Ruminations

Blog dedicated primarily to randomly selected news items; comments reflecting personal perceptions

Monday, January 16, 2012

To Benefit Humankind

It's a tough one philosophically. Humans do consider themselves superior in every conceivable mode of reckoning to any other animal that lives on the Globe. Imbued with a level of intelligence and capability that is not matched by any other living organism. All other organisms may therefore be manipulated and used as required, by man. And how better to use these living creatures than for the purpose of new discoveries that will benefit humankind?

It is prohibited by the nature of man and by our restrictions on what is morally permissible, to destroy a human life in the interests of achieving new scientific data, for any reason whatever. There are many that would include the destruction of a human foetus in that prohibition. But it is entirely feasible and worthwhile to use animal models in the pursuit of knowledge that will benefit mankind, through scientific-medical enquiry.

We have always believed this. And we practise this universally. Medical science uses animals for experimentation. We have previously told ourselves that only human beings can feel pain, not other animals. So whatever is done physically or otherwise to an animal has no consequences for that animal, other than to be useful as an object of experimentation. Although our human conscience has latterly led even scientists to acknowledge what we are really doing.

And the move is to distance ourselves increasingly from using animals for experiments, when other means can be found to arrive at new findings that are eagerly sought by researchers as acceptable and useful. Like computer models, for example. Although there are many who believe that they will represent a pale usefulness in comparison to using living, breathing organisms and the information derived from them.

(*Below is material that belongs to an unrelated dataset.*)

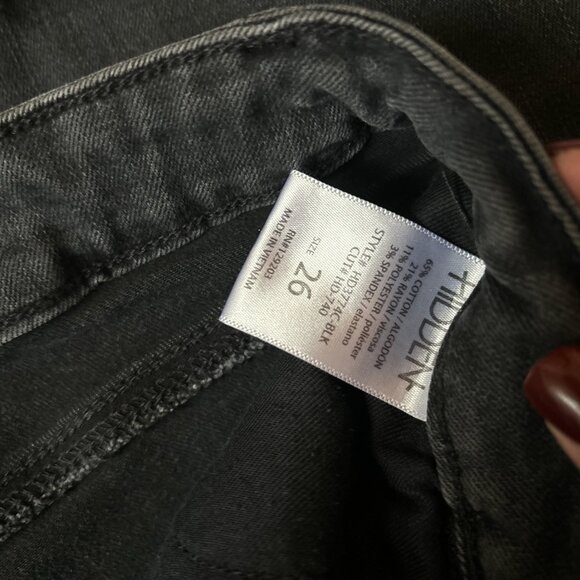 Black Hidden Jeans - Picture 4 of 5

Laboratory mice are often bred for specific characteristics, reflecting in the mouse kingdom, what has been a problem for human beings. Their sacrifice for science benefiting human knowledge has been a fairly casual one. We cringe when we know that dogs are used in this way. And then, we remind ourselves that without modelling insulin on diabetic dogs (made so purposely) Banting and Best would never have made their life-saving breakthrough in 1921.

Pigs and monkeys, even closer to humans genetically, have also been used for experimental purposes. As have rats, but nowhere near the numbers of mice. They share with humans 99% genetic similarities. And in Canada, despite a rising tide of using computer modelling, 1,132,706 laboratory mice were killed in experimental research in the last year alone, representing up to 50% of laboratory animals.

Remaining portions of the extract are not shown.